According to the press release, "Your bird field guide may be out of date now that University of Florida scientists discovered a new genus of frogmouth bird on a South Pacific island." Because so many of us have a frogmouth section in our North American guides.
Frogmouths are named for the huge, wide, strong beak that resembles a frog's mouth--here is a link to a photo of some live frogmouths to give you an idea.; but their beak also sports a small, sharp hook more like an owl's. Steadman said their beaks are like no other bird's in the world. Frogmouths are predators and eat insects, rodents, small birds -- and yes, even frogs. These birds are also well known for their camouflage--three great examples here, here and here.
According to the press release, the perspective on the scale of evolutionary difference between genera, consider that modern humans and Neanderthals are different species within the same genus (Homo), while chimpanzees are our living relatives from a closely related genus (Pan), but that we share the same taxonomic family (Hominidae) with our chimp cousins.

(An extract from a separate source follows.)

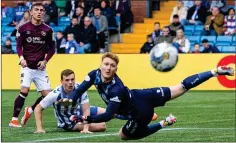  ?? ?? CLOSE BUT NO CIGAR: Hearts’ Kenneth Vargas nearly finds the net as Kilmarnock goalkeeper Will Dennis looks on anxiously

The exciting news is that David Steadman and Andrew Kratter, ornithologists at the Florida Museum of Natural History, found the new genus of frogmouth while on a collecting expedition in the Solomon Islands. It is the first frogmouth from these islands to be caught by scientists in more than 100 years. They immediately recognized it was something different.

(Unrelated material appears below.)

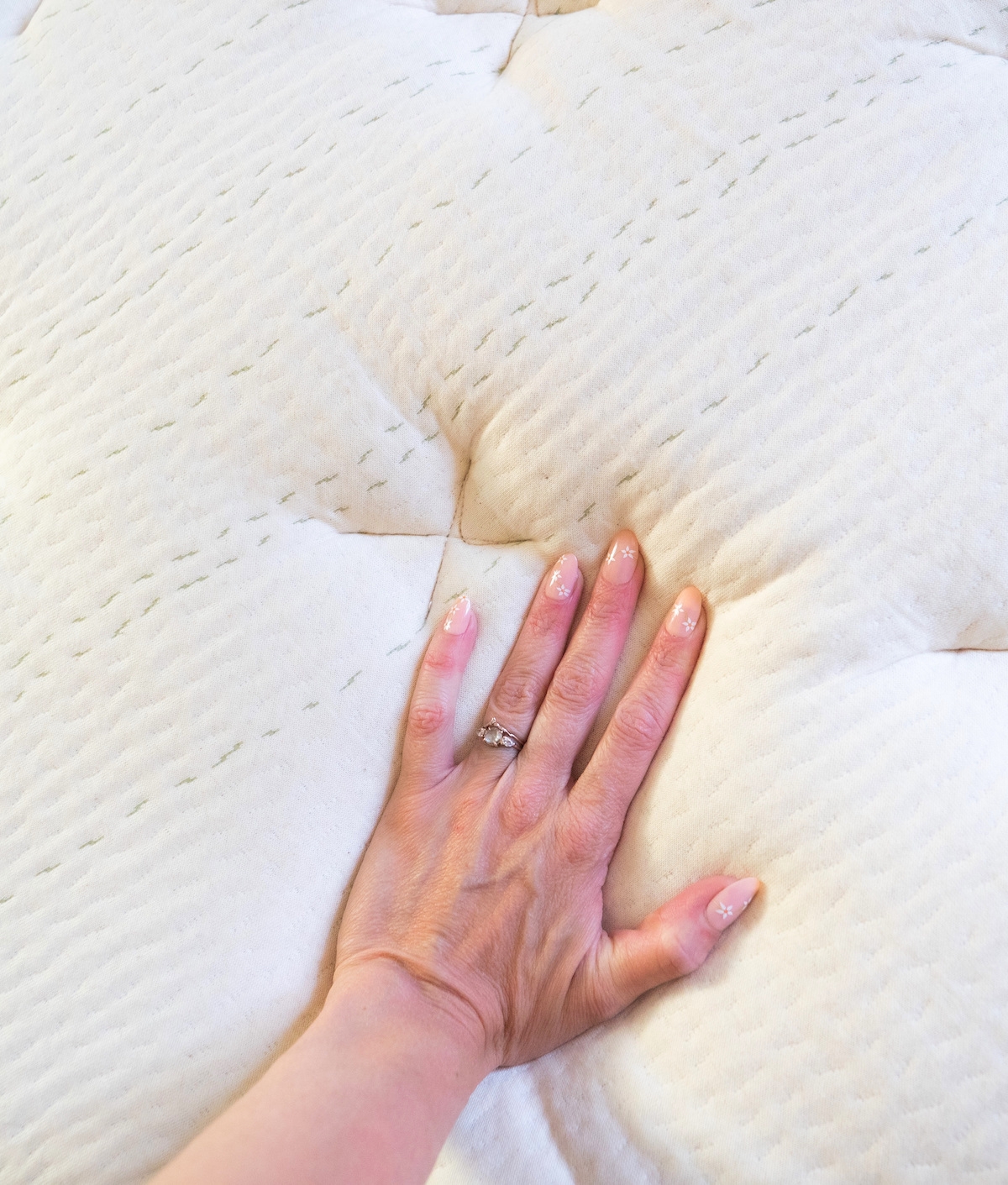 Reviewer Courtney Jay Higgins's hand presses down on a beige, nontoxic Leesa mattress, revealing its texture and softness.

"This discovery underscores that birds on remote Pacific islands are still poorly known, scientifically speaking," Steadman said. "Without the help of local hunters, we probably would have overlooked the frogmouth."

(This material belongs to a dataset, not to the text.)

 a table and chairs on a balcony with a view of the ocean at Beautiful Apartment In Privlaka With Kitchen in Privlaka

Originally, the bird was misclassified (gasp) as a subspecies of the Australian Marbled Frogmouth, Podargus ocellatus. The blunder went undetected for decades (gasp again), until a collecting trip led by Kratter in 1998 turned up a specimen on Isabel, a 1,500-square-mile island in the Solomons. Today, the only museum specimen of this bird in the world, with an associated skin and skeleton, is housed at the Florida Museum (oooo, ahhhhhh).